Ross Gwinn

No. 62
- Position: Guard

Personal information
- Born: July 25, 1944 Deport, Texas, U.S.
- Died: February 2, 2016 (aged 71) Natchitoches, Louisiana, U.S.
- Listed height: 6 ft 3 in (1.91 m)
- Listed weight: 272 lb (123 kg)

Career information
- High school: Natchitoches Central
- College: Northwestern State
- NFL draft: 1967: undrafted

Career history
- Baltimore Colts (1967)*; New Orleans Saints (1968–1969); Edmonton Eskimos (1971);
- * Offseason or practice squad member only

Career NFL statistics
- Games played: 2
- Games started: 0
- Stats at Pro Football Reference

= Ross Gwinn =

American football player (1944–2016)

Charles Ross Gwinn (July 25, 1944 – February 2, 2016) is an American former professional football player who was a guard for the New Orleans Saints of National Football League (NFL). He played college football for the Northwestern State University.

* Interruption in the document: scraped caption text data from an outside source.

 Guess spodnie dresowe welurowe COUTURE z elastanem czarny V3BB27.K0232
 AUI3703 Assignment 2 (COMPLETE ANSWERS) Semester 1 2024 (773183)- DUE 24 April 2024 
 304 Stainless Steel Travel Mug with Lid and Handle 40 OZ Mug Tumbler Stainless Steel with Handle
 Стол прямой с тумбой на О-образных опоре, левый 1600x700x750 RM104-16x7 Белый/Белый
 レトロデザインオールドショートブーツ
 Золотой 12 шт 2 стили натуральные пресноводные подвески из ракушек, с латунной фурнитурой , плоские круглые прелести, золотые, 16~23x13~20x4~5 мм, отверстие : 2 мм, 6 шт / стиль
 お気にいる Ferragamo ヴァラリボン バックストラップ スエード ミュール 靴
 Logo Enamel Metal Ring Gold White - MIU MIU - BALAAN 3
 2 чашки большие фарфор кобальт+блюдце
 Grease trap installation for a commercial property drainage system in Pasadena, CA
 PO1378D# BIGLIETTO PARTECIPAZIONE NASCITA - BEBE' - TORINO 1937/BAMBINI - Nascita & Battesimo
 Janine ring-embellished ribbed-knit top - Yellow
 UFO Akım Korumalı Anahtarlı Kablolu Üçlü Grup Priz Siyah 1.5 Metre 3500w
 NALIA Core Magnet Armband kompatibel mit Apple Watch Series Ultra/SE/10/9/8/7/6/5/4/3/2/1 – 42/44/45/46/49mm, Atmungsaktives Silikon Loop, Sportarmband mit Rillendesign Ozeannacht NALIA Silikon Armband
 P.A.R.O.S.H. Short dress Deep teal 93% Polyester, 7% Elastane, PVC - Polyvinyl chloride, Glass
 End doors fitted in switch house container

He was originally signed by the Baltimore Colts in 1967 after going undrafted and was assigned to the Colts' taxi squad. After spending the entire 1967 season on the Colts' taxi squad, he was released by the Colts in 1968 and signed with the Saints. He spent much of the 1968 season on the Saints' taxi squad but did play in two games for the Saints. He was cut by the Saints prior to the 1969 season.

In 1971 he signed to play with the Edmonton Eskimos of the Canadian Football League and served as their starting right guard that season.